Fortement critiquées par les associations, les chartes d’engagements se sont déployées sur le territoire. 56 départements sur les 96 métropolitains disposent  d’une charte validée, 20 documents sont en cours d’examen par les préfectures (consultation terminée), 3 en cours de consultation, et 6 en cours de rédaction (situation au 21 août). Par ailleurs, 7 départements n’indiquent aucun projet en cours, a précisé l’Assemblée permanente des chambres d’agriculture, le 8 septembre, lors d’une conférence de presse.

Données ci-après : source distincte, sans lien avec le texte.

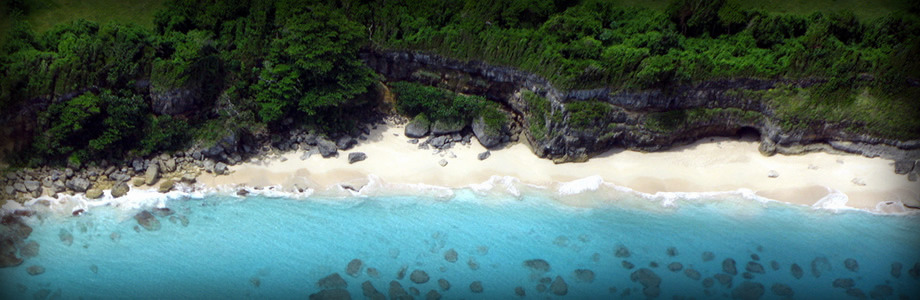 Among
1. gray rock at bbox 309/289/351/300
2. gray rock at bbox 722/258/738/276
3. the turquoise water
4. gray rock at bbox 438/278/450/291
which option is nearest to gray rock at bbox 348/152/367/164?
the turquoise water

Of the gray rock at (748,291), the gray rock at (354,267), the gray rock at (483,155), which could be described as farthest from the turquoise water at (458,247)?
the gray rock at (483,155)

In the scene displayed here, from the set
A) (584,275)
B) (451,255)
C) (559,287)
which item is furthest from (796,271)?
(451,255)

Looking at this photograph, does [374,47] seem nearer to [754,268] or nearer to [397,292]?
[397,292]

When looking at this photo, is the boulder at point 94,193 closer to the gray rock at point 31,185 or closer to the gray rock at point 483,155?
the gray rock at point 31,185

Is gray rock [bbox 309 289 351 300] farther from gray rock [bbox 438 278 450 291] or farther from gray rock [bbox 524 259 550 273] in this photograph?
gray rock [bbox 524 259 550 273]

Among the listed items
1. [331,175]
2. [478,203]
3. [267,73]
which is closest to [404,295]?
[478,203]

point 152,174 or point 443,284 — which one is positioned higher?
point 152,174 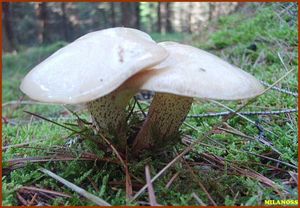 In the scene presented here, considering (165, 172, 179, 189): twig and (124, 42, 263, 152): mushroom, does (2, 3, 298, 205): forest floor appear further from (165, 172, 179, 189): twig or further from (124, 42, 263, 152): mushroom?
(124, 42, 263, 152): mushroom

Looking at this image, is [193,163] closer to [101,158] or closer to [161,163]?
[161,163]

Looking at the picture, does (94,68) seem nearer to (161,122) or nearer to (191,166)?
(161,122)

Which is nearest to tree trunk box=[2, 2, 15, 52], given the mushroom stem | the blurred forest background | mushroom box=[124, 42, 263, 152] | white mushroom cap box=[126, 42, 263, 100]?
the blurred forest background

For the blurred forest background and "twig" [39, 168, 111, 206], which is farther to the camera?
the blurred forest background

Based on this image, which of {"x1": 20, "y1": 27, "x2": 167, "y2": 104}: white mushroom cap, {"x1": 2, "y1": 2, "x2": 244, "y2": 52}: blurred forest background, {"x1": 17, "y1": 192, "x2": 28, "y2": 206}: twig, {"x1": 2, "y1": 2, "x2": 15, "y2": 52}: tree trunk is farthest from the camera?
{"x1": 2, "y1": 2, "x2": 244, "y2": 52}: blurred forest background

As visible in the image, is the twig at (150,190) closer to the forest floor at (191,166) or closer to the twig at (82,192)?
the forest floor at (191,166)

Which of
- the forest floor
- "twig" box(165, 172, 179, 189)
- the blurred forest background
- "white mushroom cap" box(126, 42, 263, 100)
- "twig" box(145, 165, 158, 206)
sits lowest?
the blurred forest background

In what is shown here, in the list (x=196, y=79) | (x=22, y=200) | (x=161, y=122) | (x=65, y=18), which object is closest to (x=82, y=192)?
(x=22, y=200)

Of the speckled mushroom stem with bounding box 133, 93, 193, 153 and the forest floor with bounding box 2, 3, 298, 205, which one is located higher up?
the speckled mushroom stem with bounding box 133, 93, 193, 153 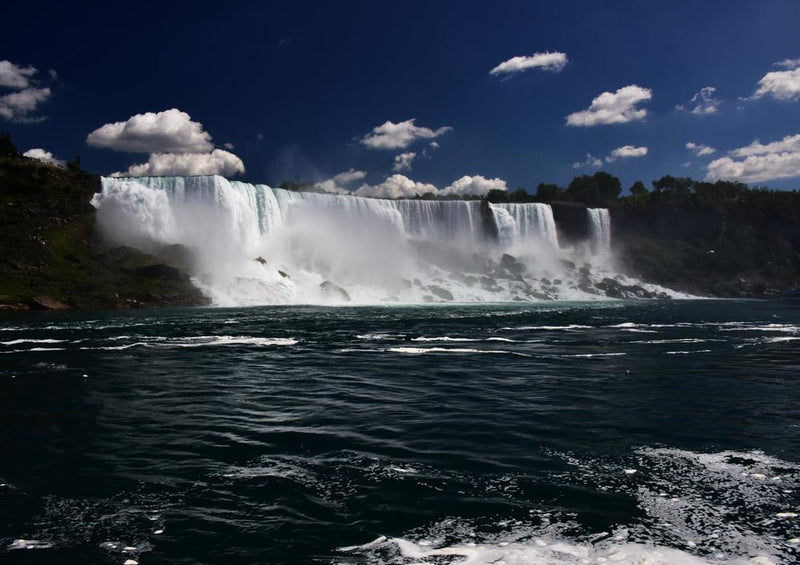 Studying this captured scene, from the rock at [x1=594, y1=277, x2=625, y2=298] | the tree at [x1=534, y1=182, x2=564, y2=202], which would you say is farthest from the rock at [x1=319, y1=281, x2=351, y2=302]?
the tree at [x1=534, y1=182, x2=564, y2=202]

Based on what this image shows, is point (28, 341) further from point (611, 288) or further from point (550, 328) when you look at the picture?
point (611, 288)

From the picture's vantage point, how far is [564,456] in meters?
8.30

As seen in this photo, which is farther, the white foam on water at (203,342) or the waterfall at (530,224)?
the waterfall at (530,224)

Distances de protection réduites

Encadrées par le décret du 27 décembre 2019, entré en vigueur au 1er janvier, ces chartes doivent inclure au moins trois mesures: information des riverains ou des personnes présentes, distances de sécurité et mesures équivalentes, et modalités de dialogue entre les utilisateurs et les habitants. De façon facultative, elles peuvent aussi comporter des délais de prévenance, des techniques de réduction d’exposition, des bonnes pratiques et des informations sur les dates et horaires les plus adaptés et mesures anti-dérives. Des mesures qui permettent aussi aux agriculteurs de diviser par deux les distances de sécurité prévues à proximité des habitations (de 10 à 5 mètres pour les cultures hautes comme les fruits et les vignes et de 5 à 3 m pour les cultures basses comme les légumes et les céréales) selon l’arrêté du 27 décembre 2019.

Sans concertation

Pendant le confinement, l’association Eau et rivières de Bretagne avait dénoncé l’adoption de chartes divisant par deux, et sans concertation, la distance minimale de sécurité des riverains. Une concertation publique est pourtant obligatoire avec les riverains, leurs représentants ou des associations, selon le décret du 27 décembre.

Depuis le déconfinement, la situation ne s’est pas améliorée. «De nombreuses chartes sont en fait un copier-coller de la charte-type diffusée en février par la FNSEA, sans aucune adaptation locale. Par ailleurs, les rédacteurs (chambres départementales ou FDSEA, ndlr) ne sont pas du tout entrés dans le jeu du dialogue. Des associations et des agriculteurs non syndiqués nous ont affirmé qu’ils n’étaient pas au courant du projet. Et lorsqu’ils étaient conviés à une réunion, leurs propositions n’étaient pas retenues par la suite», explique Thibault Leroux, chargé de mission Agriculture à FNE.